In previous posts, I’ve argued that clear, straightforward language in writing is best. When you have something to say, presenting it in transparent language puts the focus on the content itself, allowing it to achieve its best effect. Contrariwise (if you’ll forgive my ironic vernacular) a person who employs elevated diction to articulate his or her reflections is quite often endeavoring to camouflage a poverty of substance. Or, as Charles Bukowski put it, “An intellectual is a man who says a simple thing in a difficult way; an artist is a man who says a difficult thing in a simple way.”

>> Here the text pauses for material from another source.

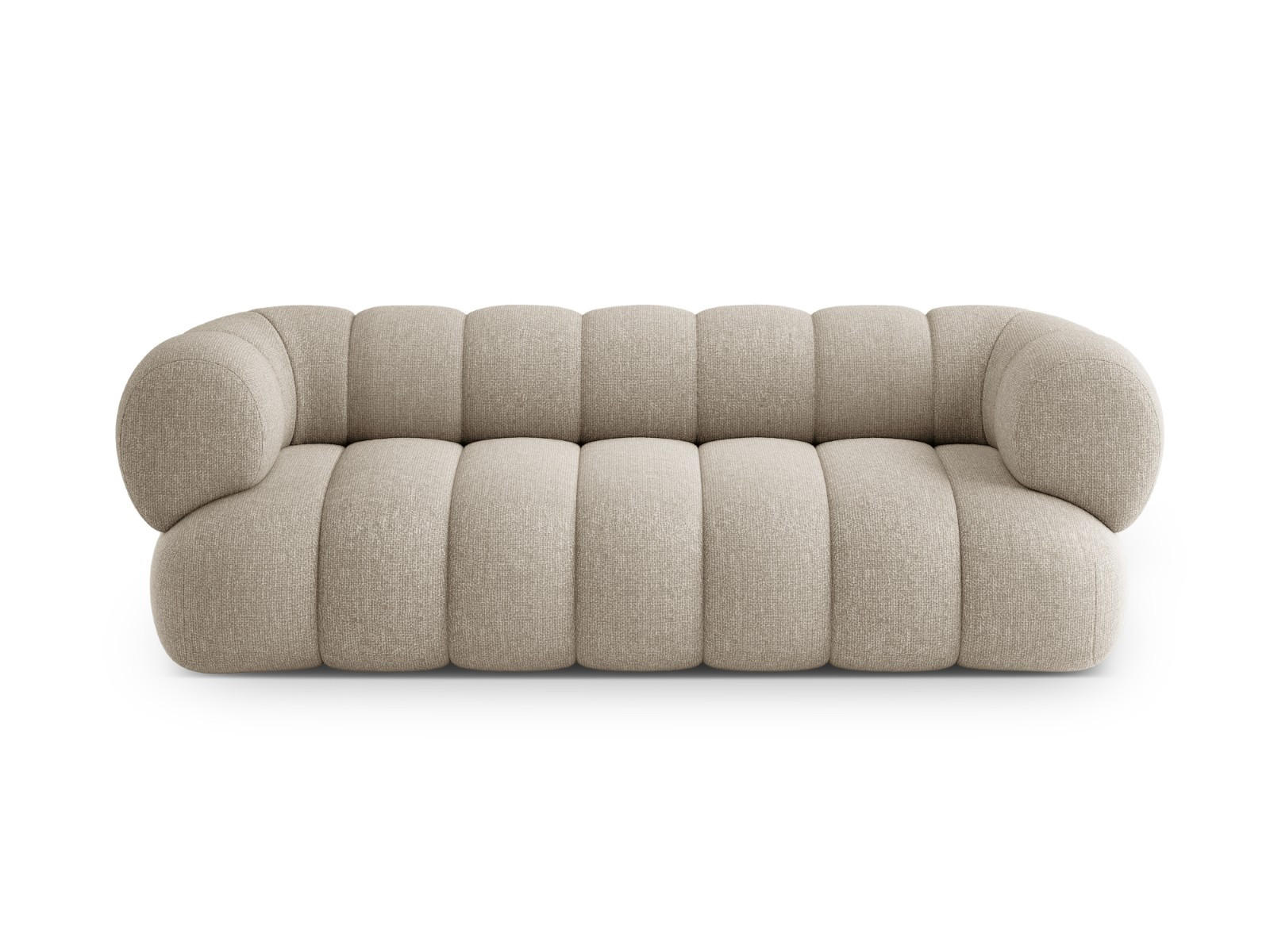 SOFA Koge aus Chenille-Stoff dunkelbeige 3 Sitzplätze - Mokka, Textil (95/70/210cm) - Cosmopolitan Design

Now, Bukowski and I both started out as blue-collar workers, so I recognize that our cries for simple language might be dismissed by the more conservative members of the language arts community as mere populism. We might even be accused of Marxist leanings, a struggle for the means of production—in this case words. To such critics, a certain elegance of language is the very mark of a quality education; erudition displays refinement, which equates with “polite society.”
Robert Pirsig captures this contrast of positions in Zen and the Art of Motorcycle Maintenance, while considering “plain speech,” which he suggests descends from “Plains speech.” Pirsig argues that during the 1800s, while “proper” citizens along the US’s East Coast retained the refined language of their European contacts, settlers moving westward were increasingly influenced by the more laconic speech of the natives they encountered. Pretty much every Western movie now portrays these iconic examples in the “slick-talking Easterner” versus the “quiet, straight-shooting Western hero.”

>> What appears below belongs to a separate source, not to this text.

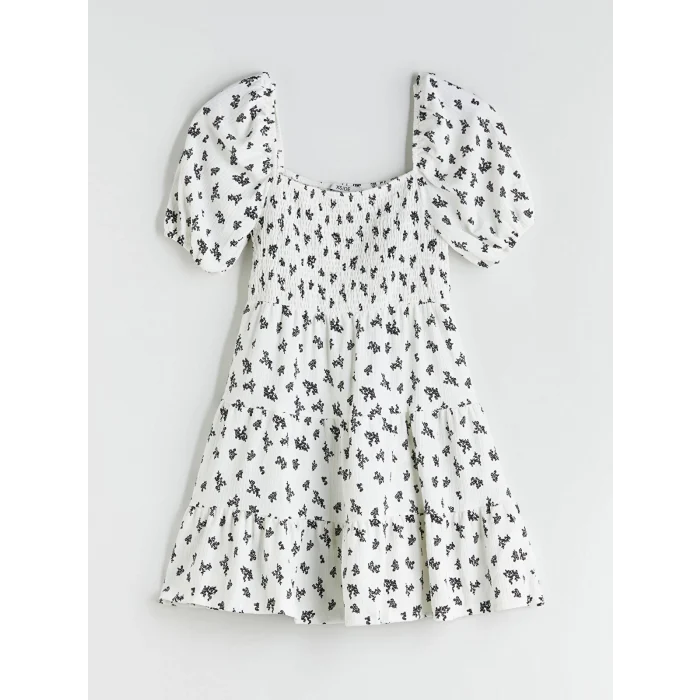 XSIDE Beyaz Kare Yaka Balon Kollu Katkat Mini Elbise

So what are we to make of this disparity?
I will concede that erudition has its place. That place is precision. The English language includes so many words (a quarter of a million) largely because each provides some shade of meaning that none other quite conveys. In choosing precisely this word over precisely that, a writer can capture nuances that might otherwise be difficult to express. However, in order for that expression to succeed, the reader must share the same understanding of those words. Otherwise communication is actually lost or distorted in the very words intended to transmit it. What good is there in employing terms your reader may not know, simply to demonstrate your own education?
A New York Times article describes a problem regarding restaurants that insist upon a jacket and tie for dinner, even in 100-degree heat. The dress code is intended to promote a pleasant dining experience, ensuring that no one “will come with the shirt open to the stomach,” as one restaurant owner put it. But any supposed pleasantness is surely lost on the fellow sweating under that unnecessary load of clothing. At this point, the tenet becomes merely an affectation. Better to revert to a simpler “No shirt, no shoes, no service” rule, which ensures sanitation while still allowing for comfort.

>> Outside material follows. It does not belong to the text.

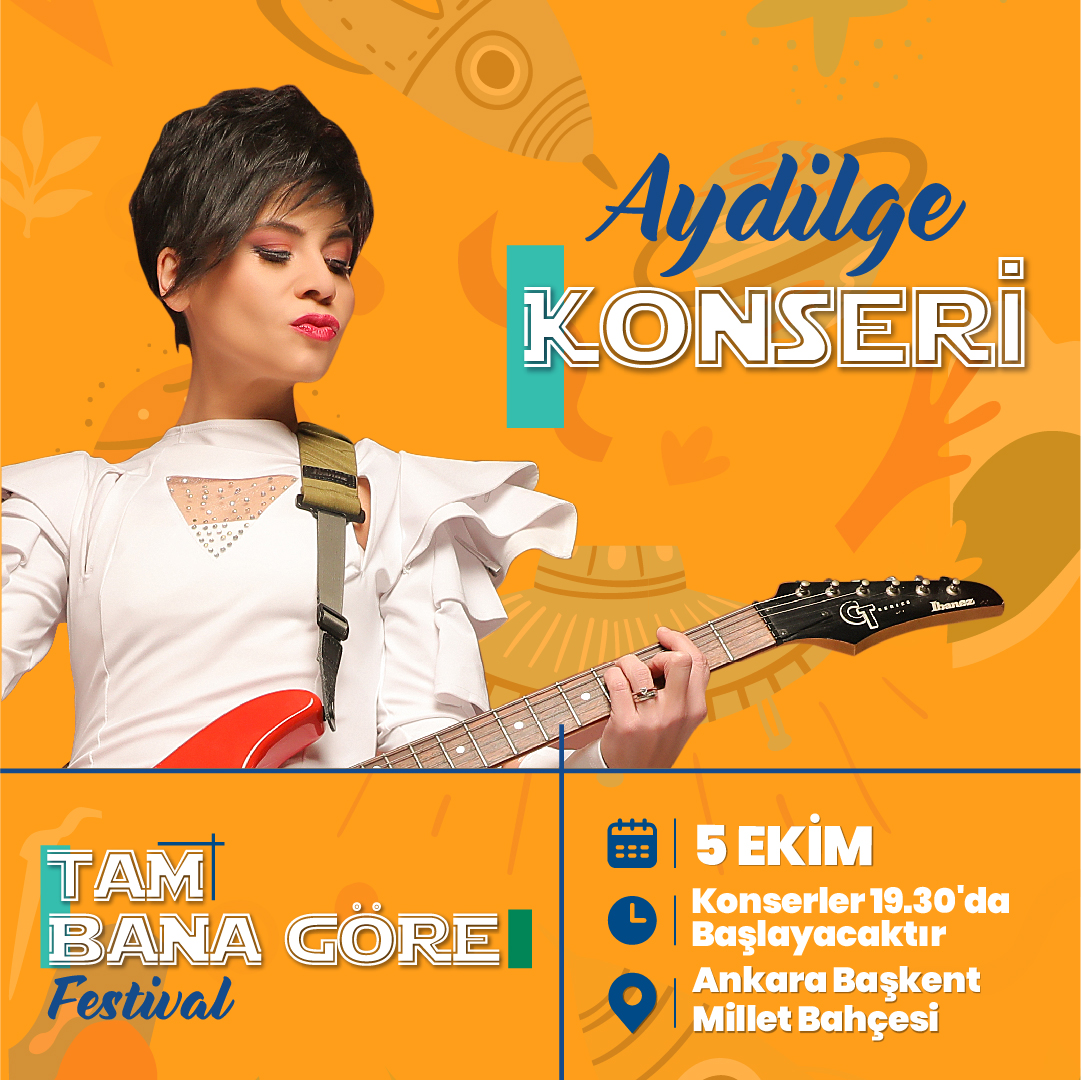 🎙Unutamayacağınız bir performans sizi bekliyor!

I hope the implications regarding elevated diction are obvious.
There is one other instance in which “nicety” of language has a legitimate role, and that is in diplomacy. Diplomacy requires a carefulness of expression to deflect possible offense. It is, as someone remarked, “the art of choosing from among everything you believe, which thing you will say.” However, when diplomatic expression becomes too habitual, or when it is actually nothing but dissembling, communication is again sacrificed.
A final reason I argue for simple clarity of language is that when people try to reach for elevated diction, they so often get it wrong—and then judge one another negatively based on their own misapprehensions. How often have you been told, “Don’t split an infinitive” or “Don’t end a sentence with a preposition” or “Don’t start a sentence with ‘and’ or ‘but’”? (See www.grammarphobia.com for a great overview of these false “rules.”) How many times have you heard the mistaken hypercorrection “for he and I”? How many times has someone “corrected” you on one of these issues? What happens to the message itself while we’re all busy arguing over such niceties?
The true mark of a lady or gentleman, I have heard it said, is comfort with oneself. Would that we might be so comfortable with natural, straightforward language as to recognize its inherent dignity.